▶ Problem requirements
Pictures in the entries below are excluded; copy only the lines from the one containing "If there are" to the one containing "Using the Key", both included.

--------------------------------

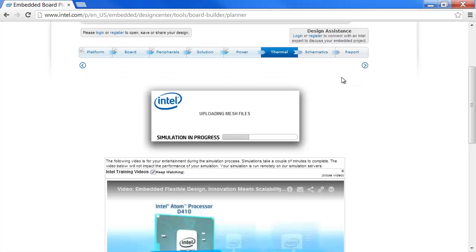We are uploading the mesh files. As you wait, you can watch a short video about embedded system solutions from Intel.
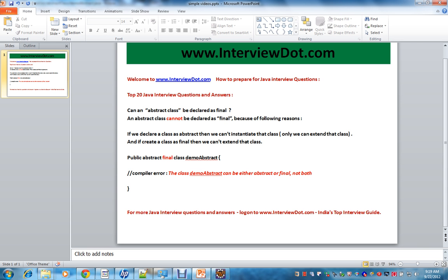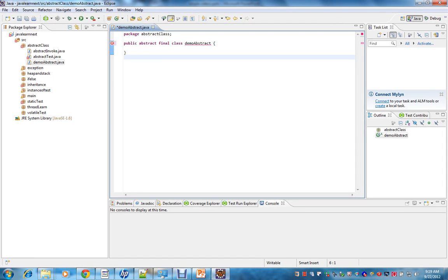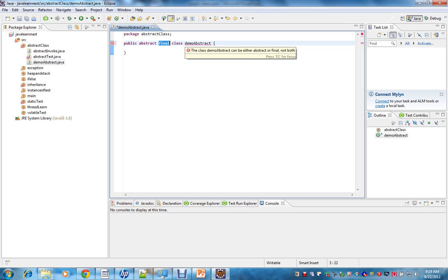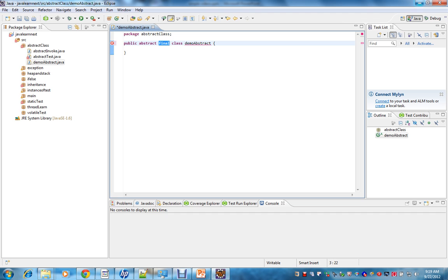Let's see the error that we got. I've created a class which has both abstract and final, so the compiler is crying now — it says 'class demo abstract can be either abstract or final but not both.'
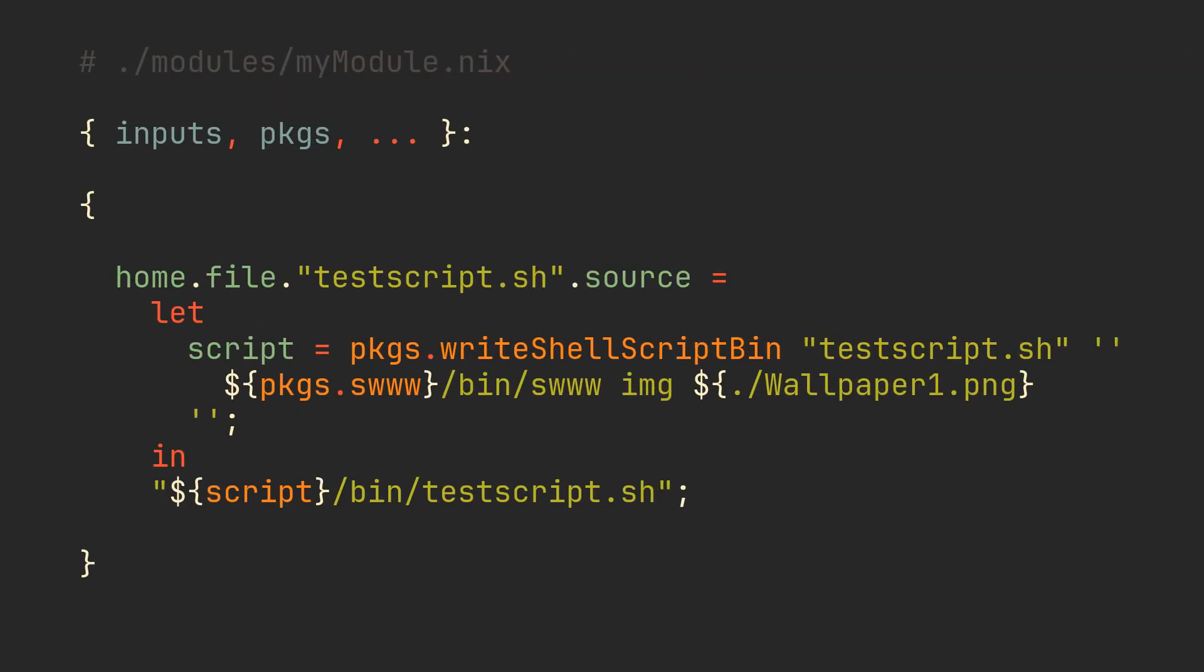Usually your personal modules look something like this. A simple file containing a function which has some Home Manager options declared in a set that it returns. This module for example creates a shell script in a home directory which uses swww to change our wallpaper to the one defined here. That is perfectly fine, but we want to add some custom functionality.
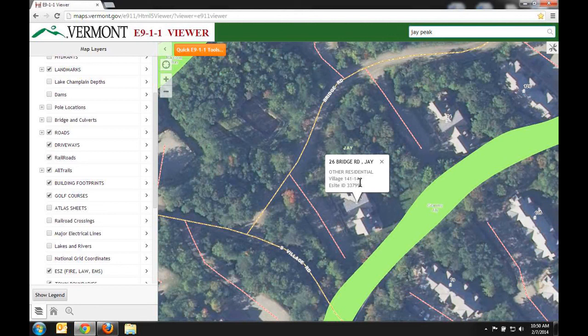You can see the site types based on the legend, which has a large list of building types. At Jay Peak Resort, they use different addressing standards and have an address of Village 141 through 144. The last piece of information in Quick Tips is our eSite ID — the number we generate in our data. In this case it is 337991, and that number won't change for that point unless the address changes. That pretty much sums up the layers list; the rest are self-explanatory and you can just turn them on and off.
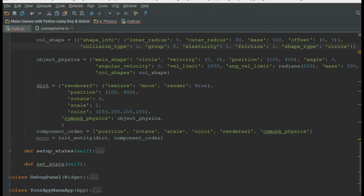If there are more moons and you don't want them to collide with each other — they should go through each other without any collision — we declare a group. The group is an integer. If all the moons belong to group 1, then they won't collide with each other; they'll pass through transparently. The elasticity is the bounciness of an object, the friction is how smooth the object is, and the shape type is circle.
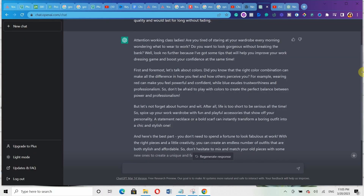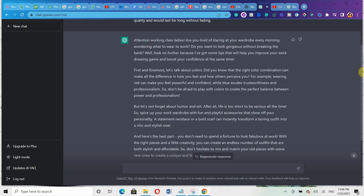If you're already getting impressed by this, well, let me just tell you: this is just the most basic formula that you can actually use. Just wait till you see the last formula. But for now let's go to formula number two, which is the relatable post formula. I call it the relatable post formula because you want to write content that your audience will find more relatable.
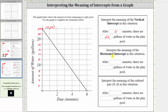Next, we want to determine the meaning of the horizontal or x-intercept, which is the point where the graph touches or crosses the horizontal or x-axis, which is this point here. The horizontal intercept is given by the ordered pair (6, 0).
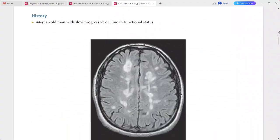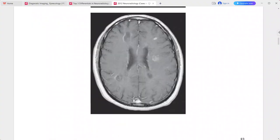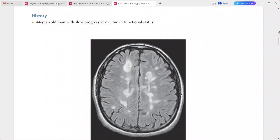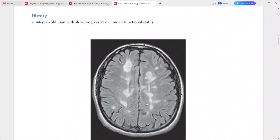Next: a 44-year-old man with slow progressive decline in functional status. FLAIR shows numerous large hyperintense lesions in the bilateral deep white matter, many with a long axis perpendicular to the surface of the ventricles. There is little mass effect associated with these lesions.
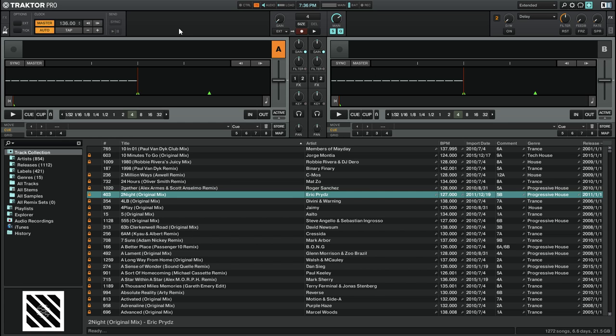Using the Key Lock feature you can avoid this problem when you speed up or slow down your tracks, as the Key Lock feature will keep the track at its original key. This is particularly useful for harmonic mixing, as you can now mix two key compatible tracks together even if they are originally at two different BPMs.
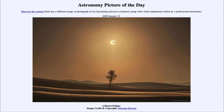Greetings and welcome to the Introduction to Astronomy. One of the things that I like to do in each of my Introductory Astronomy classes is to begin the class with the Astronomy Picture of the Day from the NASA website, that is apod.nasa.gov/apod.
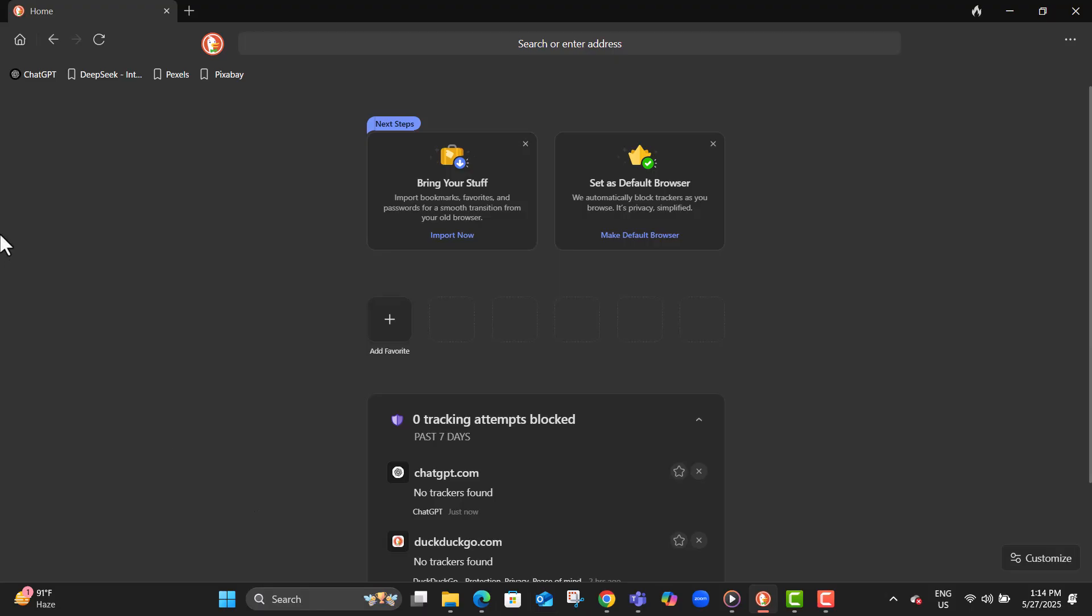Step one, open the DuckDuckGo browser on your device. This is the browser where your bookmarks are stored and ready to be exported.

--------------------------------

▶ Answer space
If there are more moons and you don't want them to collide with each other — they should go through each other without any collision — we declare a group. The group is an integer. If all the moons belong to group 1, then they won't collide with each other; they'll pass through transparently. The elasticity is the bounciness of an object, the friction is how smooth the object is, and the shape type is circle.
If you're already getting impressed by this, well, let me just tell you: this is just the most basic formula that you can actually use. Just wait till you see the last formula. But for now let's go to formula number two, which is the relatable post formula. I call it the relatable post formula because you want to write content that your audience will find more relatable.
Next, we want to determine the meaning of the horizontal or x-intercept, which is the point where the graph touches or crosses the horizontal or x-axis, which is this point here. The horizontal intercept is given by the ordered pair (6, 0).
Next: a 44-year-old man with slow progressive decline in functional status. FLAIR shows numerous large hyperintense lesions in the bilateral deep white matter, many with a long axis perpendicular to the surface of the ventricles. There is little mass effect associated with these lesions.
Using the Key Lock feature you can avoid this problem when you speed up or slow down your tracks, as the Key Lock feature will keep the track at its original key. This is particularly useful for harmonic mixing, as you can now mix two key compatible tracks together even if they are originally at two different BPMs.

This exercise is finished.